**Question 1: **Mrs.Simpson weighed 165 lbs in her Physicians scale. But the defective
scale used by her at Home showed her weight as 160 lb. Calculate the
relative and percentage error in the measurement of her scale.

If her daughter weighs 105 lb on the defective scale, find her actual weight nearest to the tenth of a lb.

** Solution: **

The actual error in the measurement of Mr. Simpson's weight = 165 - 160 = 5 lbs

Relative error in the measurement shown by the defective scale = $\frac{5}{165}$ = $\frac{1}{33}$

Percentage error = $\frac{1}{33}$ x 100 $\approx$ 3.03%

Let the actual weight of the daughter = x lbs

As Mrs.Simpson's weighing scale shows weight less than the actual weight x > 105.
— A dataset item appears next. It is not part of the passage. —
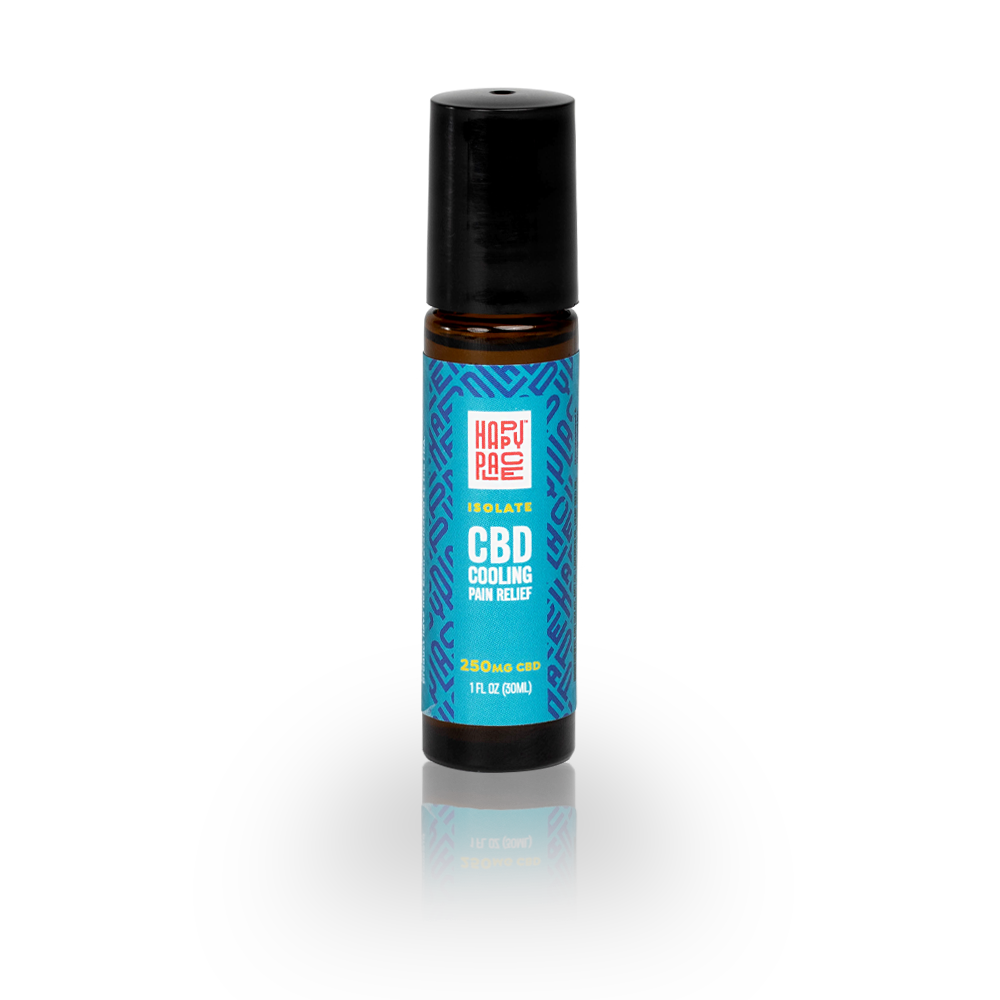 Happy place 250mg cbd Isolate 1oz Cooling relief roll on front label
Relative error in the measurement of defective scale = $\frac{x-105}{x}$ = $\frac{1}{33}$

33(x -105) = x (Cross multiplication of the proportion)

33x - 3465 = x

32x = 3465 $\Rightarrow$ x = 108.3 lb

The actual weight of her daughter = 108.3 lb

**Question 2: **A meter scale can measure to a precision of 1 mm. A rope and a small
length of wire are measured using the scale as 57.5 cm and 4 cm.
Calculate the relative errors occurred in both the measurements read
using the scale. If it is required to measure the length of the wire to
the same accuracy level as that found in the measurement of the rope,
find the precision level required for the measuring instrument.

** Solution: **

The absolute error for the measurements taken using the scale = $\frac{1}{2}$ x precision level = $\frac{1}{2}$ x 1 mm = 0.5 mm = 0.05 cm

Relative error in the measurement of the rope = $\frac{0.05 }{57.5}$ = $\frac{1}{1150}$ $\approx$ 0.0009

Relative error in the measurement of the wire = $\frac{0.05}{4}$ = $\frac{1}{80}$ $\approx$ 0.0125

If the length of the wire is to be measured to the same accuracy
level found in the measurement of the rope, the relative error in the

measurement of the wire should also be equal to $\frac{1}{1150}$.

Let the required precision = x.

The absolute error that can occur in the measurement = $\frac{x}{2}$

Thus the relative error that can occur in the measurement of length 4 cm = $\frac{\frac{x}{2}}{4}$ = $\frac{x}{8}$

$\frac{x}{8}$ = $\frac{1}{1150}$ $\Rightarrow$ x = $\frac{8}{1150}$ = 0.007 cm

Hence the required precision level = 0.07 mm.